New information related to the two-year-old Richard Oland murder investigation could be revealed within weeks.

Provincial court Chief Judge R. Leslie Jackson is considering an application by CBC News and Brunswick News to lift the publication ban and sealing order on testimony given by the lead investigator in the case.

Const. Stephen Davidson testified behind closed doors last August so he could speak freely about sealed search warrants related to the case.

ns-si-richard-oland

Richard Oland, 69, was found dead in his office on Canterbury Street on July 7, 2011. (Canadian Yachting Association)

But details about those warrants — including the fact Oland's son Dennis is considered the prime suspect — have since been made public after the media outlets applied for a judicial review.

Justice William Grant of the Court of Queen's Bench ruled in May that Jackson "made an error in law" in imposing a publication ban on the names of people who were subject to searches.

Grant dismissed the application to lift the orders on the police officer's closed-door testimony, however, suggesting it may be more appropriate for Jackson to be the one to reconsider his ruling.

Jackson is expected to provide the Crown, media lawyer David Coles and lawyers representing members of the Oland family his initial view of what, if anything, should be released by the end of July.

If all parties agree, Jackson will then order the information released.

Otherwise, a hearing has been scheduled for Sept. 6.

Coles is optimistic. "Now that the decisions have been made that the warrant material is to be released — and it has been released — and the publication ban has been quashed, there should be no reason that the open court principle wouldn’t prevail and testimony given should be available for scrutiny," he told CBC News on Tuesday.

Oland, 69, a prominent businessman, was found dead in his uptown Saint John office on July 7, 2011.

No details have been released about the cause of death or whether any weapons were involved.

No charges have been laid.

Saint John Police Chief Bill Reid said last week the file is in the hands of provincial Crown prosecutors for consideration.

Under New Brunswick's pre-charge screening system, it is up to the Crown to decide whether there is enough evidence to proceed with laying charges.

Saint John Crown prosecutor Patrick Wilbur, who is handling the case along with colleague John Henheffer, has declined to comment.
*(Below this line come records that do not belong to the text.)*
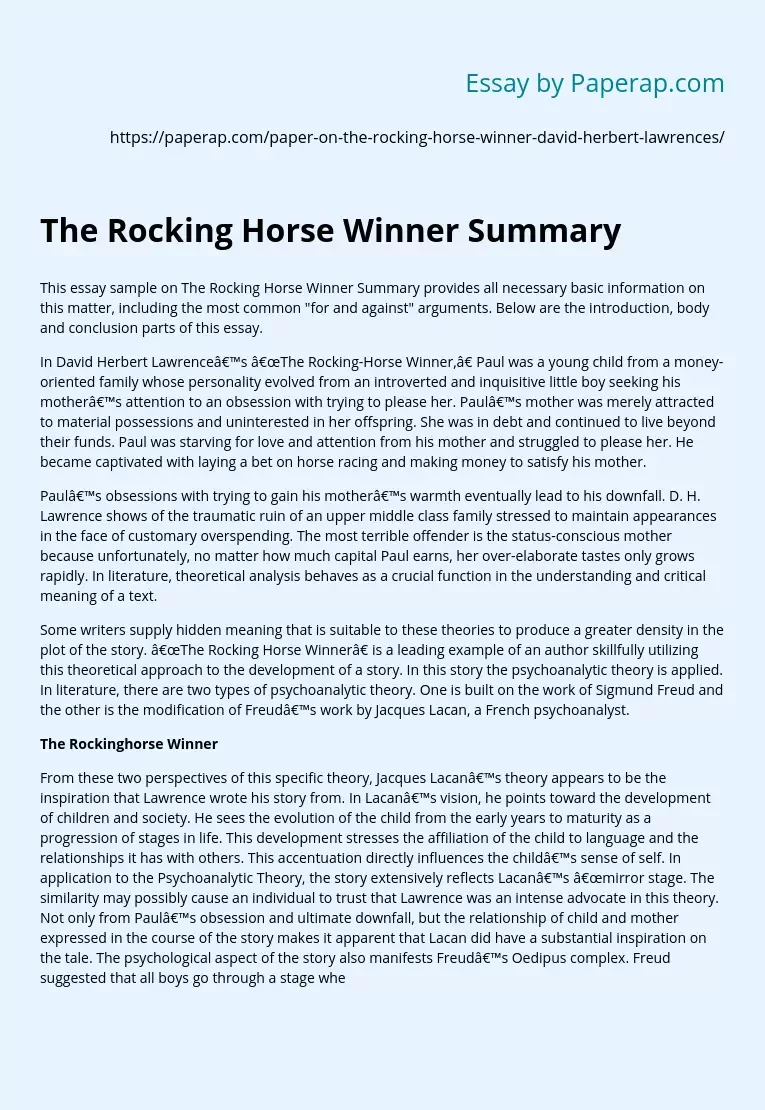 The Rocking Horse Winner Summary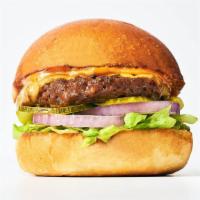 The Basic B · Grilled burger, provolone cheese & special sauce, lettuce, onion, pickle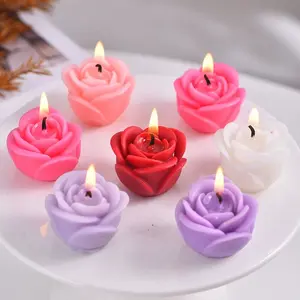 Valentine's Day Candle Set with Rose Flower Gift, Aromatherapy Scented Small Candles, Wedding Decoration Floating Water Candles, Home Decor Ornament, Romantic Candle Gift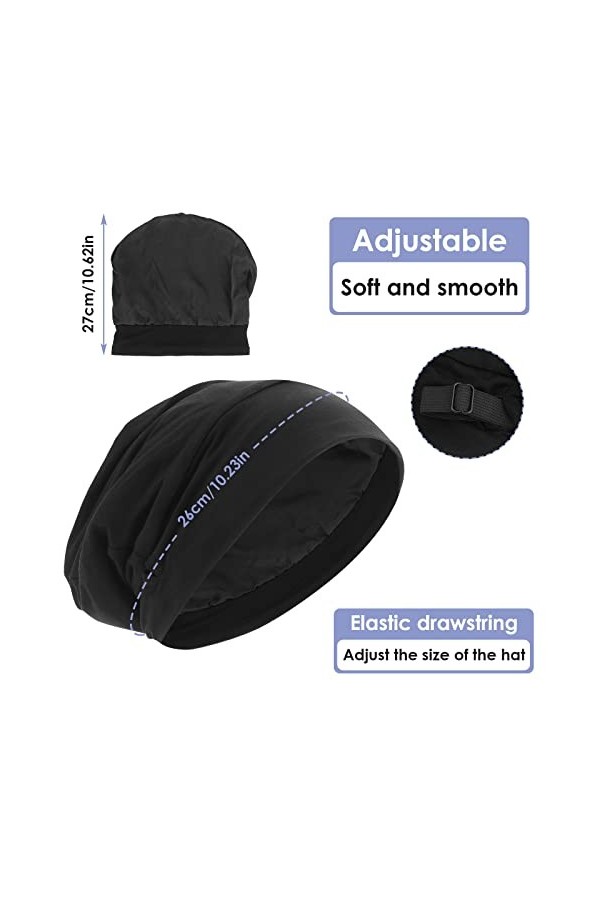 Molain Bonnet de nuit en satin doublé de satin - Bonnet souple réglable pour rester en place - Doublure en soie - Noir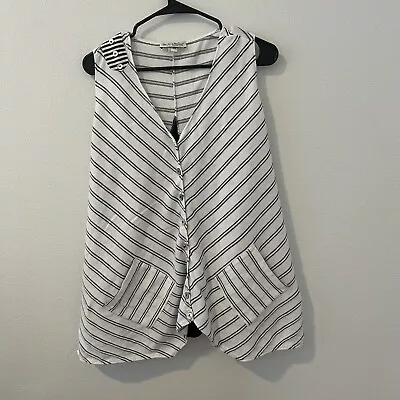 Margaret Winters Sweater Vest Pockets Striped Buttons Black White Medium • $20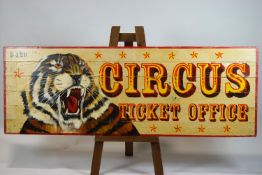 A Circus advertising sign, the painted wooden planks with a Tiger and Circus Ticket Office,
A spokesman for the Department of Justice also declined any comment.

3 more sealed documents

Meanwhile, other sealed documents related to the murder investigation will be back before the courts in September.

There are still three more search warrants/production orders that have not yet been made public, said Coles, who is representing the media outlets in a bid to have them released.

Several other warrants have been ordered unsealed by the courts, other than so-called "hallmark" evidence about the crime scene and conditions of Oland's body that only the killer would know.

On Sept. 5, the Crown will argue behind closed doors as to what information should remain blacked out and why.

Lawyers representing members of the Oland family with have an opportunity to provide comment, then Coles will respond on behalf of the media outlets.

"Judge Jackson has previously ruled that content of other warrant materials —so long as they don’t describe the actual crime scene — ought to be released," said Coles.

"Justice Grant of the Court of Queen’s Bench indicated the previous publication ban ought to be quashed. So in my view, I would expect those decisions should have an impact here and the public should have an opportunity to learn some significant aspects of these warrant materials."

Previously-released warrants reveal Dennis Oland was the last known person to see his father alive and when questioned by police about what happened that day, July 6, 2011, he told officers: "Until I went over to [Richard Oland's]

office, it was a very typical day.

The documents suggest a possible financial motive. Dennis, Oland's only son and one of his financial advisers, is described as being "on the edge financially," after having gone through a divorce a few years earlier. He owed his father more than $500,000, according to the documents.

Police have seized at least 378 pieces of evidence and interviewed approximately 60 people.